Was accused drinking with fellow cops before fatal crash?
HE actions of a Winnipeg police officer — and by extension that of his colleagues — are under a judicial microscope following a deadly hit-and-run that is believed to have been fuelled by alcohol.
Justin Holz, an eight-year constable, finished up his shift in the criminal investigations unit at downtown police headquarters around 4:30 p.m. Tuesday. Less than four hours later, Holz was accused of a criminal act that took the life of a 23-year-old man and put his own future in jeopardy.
“I want to send my thoughts and condolences to the victim’s family. This is an unexpected tragedy. This officer will be held accountable for his actions,” Winnipeg Police Service Chief Danny Smyth said Wednesday afternoon during a news conference. “I want to make it clear that Const. Holz is being investigated criminally for his conduct. He will be treated accordingly regardless of the fact that he’s a member of the police service.”
THolz, 34, is charged with impaired driving causing death and failing to stop at the scene of an accident. He wasn’t detained in custody, instead given a promise to appear in court Nov. 22. The WPS has suspended him with pay “for now,” but Smyth said that could change as an ongoing review of his conduct continues.
“I’m very disappointed. My heart goes out to the family. We’re paid as police officers. I expect better decision-making,” said Smyth, adding he’s open to sitting down with the victim’s family.
The Independent Investigations Unit of Manitoba was notified and took control of the case. As this matter involves a fatality, the IIU has requested the Manitoba Police Commission appoint a civilian monitor, as required under legislation.
Smyth said one of the main issues the IIU will focus on is what happened in that brief window between the end of Holz’s shift and the fatal crash.

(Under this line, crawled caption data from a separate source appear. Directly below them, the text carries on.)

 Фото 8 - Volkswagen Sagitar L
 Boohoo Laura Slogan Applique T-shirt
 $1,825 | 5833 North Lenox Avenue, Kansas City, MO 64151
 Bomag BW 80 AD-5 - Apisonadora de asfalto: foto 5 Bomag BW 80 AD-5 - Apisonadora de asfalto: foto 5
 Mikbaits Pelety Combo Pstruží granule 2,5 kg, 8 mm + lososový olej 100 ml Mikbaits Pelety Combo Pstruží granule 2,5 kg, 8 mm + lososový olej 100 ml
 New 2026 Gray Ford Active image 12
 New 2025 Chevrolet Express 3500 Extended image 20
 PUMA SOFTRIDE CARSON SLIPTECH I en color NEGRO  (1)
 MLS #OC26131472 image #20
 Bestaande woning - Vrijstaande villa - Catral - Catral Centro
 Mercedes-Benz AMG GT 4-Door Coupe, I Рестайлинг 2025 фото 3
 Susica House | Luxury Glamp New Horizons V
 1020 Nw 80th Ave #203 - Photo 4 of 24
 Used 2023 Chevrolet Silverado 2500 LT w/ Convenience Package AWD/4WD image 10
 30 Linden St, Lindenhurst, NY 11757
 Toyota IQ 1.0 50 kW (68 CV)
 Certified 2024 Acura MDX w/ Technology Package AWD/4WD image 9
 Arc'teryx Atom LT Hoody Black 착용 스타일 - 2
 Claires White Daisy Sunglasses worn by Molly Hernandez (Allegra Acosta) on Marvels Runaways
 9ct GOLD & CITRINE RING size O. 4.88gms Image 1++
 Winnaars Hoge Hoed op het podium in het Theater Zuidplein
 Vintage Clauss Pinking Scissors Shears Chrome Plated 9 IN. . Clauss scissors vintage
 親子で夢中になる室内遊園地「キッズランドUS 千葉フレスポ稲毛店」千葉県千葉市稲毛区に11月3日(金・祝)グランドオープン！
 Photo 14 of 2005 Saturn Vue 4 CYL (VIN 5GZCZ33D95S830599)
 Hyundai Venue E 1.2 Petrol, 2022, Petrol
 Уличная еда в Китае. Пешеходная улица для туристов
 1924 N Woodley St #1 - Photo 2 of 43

He said it’s not unusual for officers to go out with colleagues for drinks once their shifts are done — but finding out who else may have been with Holz and what they observed will be critical.
Known as “shifters,” there have been a handful of controversial cases in Winnipeg over the years where police were accused of turning a blind eye to the drinking habits of colleagues who later found themselves in trouble with the law. The most notorious occurred in 2005, when Crystal Taman was killed after her car was struck by a vehicle driven by off-duty cop Derek Harvey-Zenk. The mishandling of that case by East St. Paul police, laid bare in a scathing public inquiry, led to the creation of the IIU.
“I think that would be a prudent course of action,” Smyth said Wednesday of getting detailed statements from any potential witnesses. “I don’t know the details of this officer’s conduct after he got off-duty. People go out for drinks after work. That’s not an uncommon thing.
“I don’t know the details, but I’m sure that will come out as part of the investigation.”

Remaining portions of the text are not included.